Each line of the material should be set down exactly. Pictures are not part of the copy.

DATA EXCERPT:
════════════════════

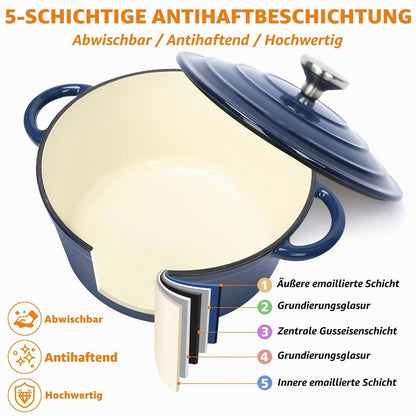 7-teiliges Emaille Gusseisen Kochgeschirr Set mit Dutch Oven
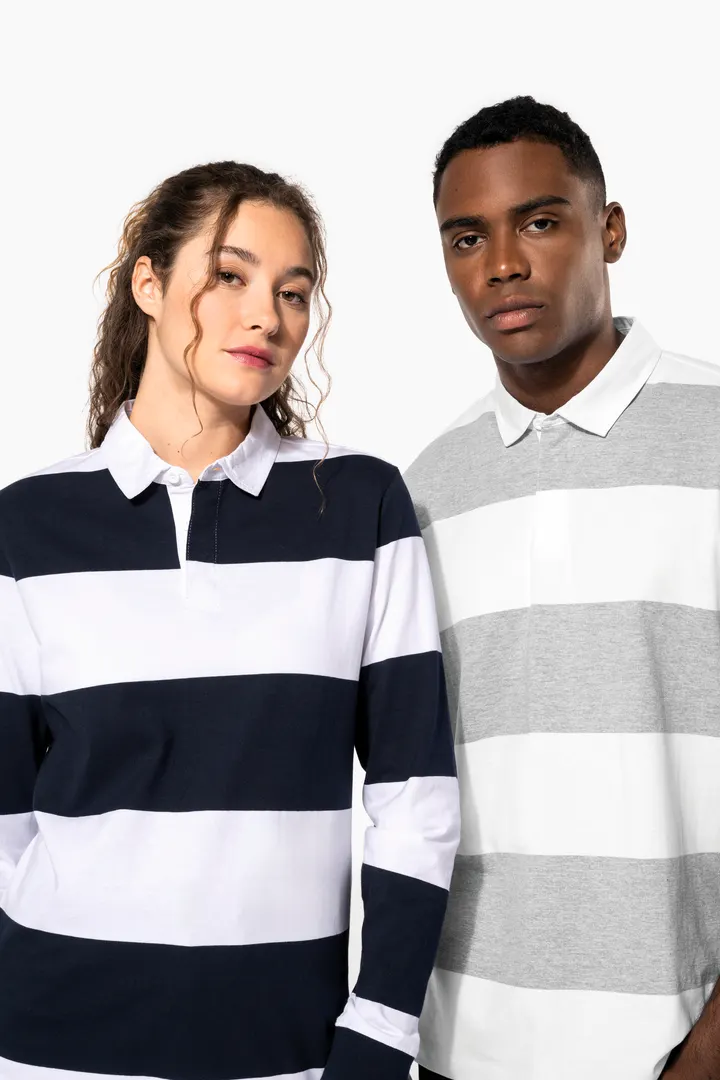 Gestreiftes Polohemd mit langen Ärmeln, Unisex 13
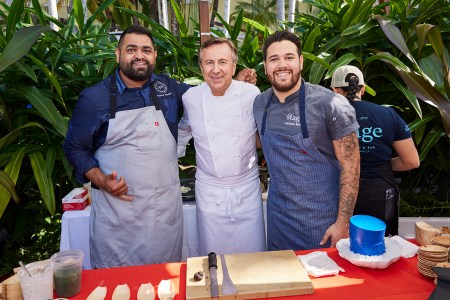 Daniel Boulud (center) with Pushkar Marathe (left) of Stage Kitchen.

════════════════════

RESPONSE:
 7-teiliges Emaille Gusseisen Kochgeschirr Set mit Dutch Oven
 Gestreiftes Polohemd mit langen Ärmeln, Unisex 13
 Daniel Boulud (center) with Pushkar Marathe (left) of Stage Kitchen.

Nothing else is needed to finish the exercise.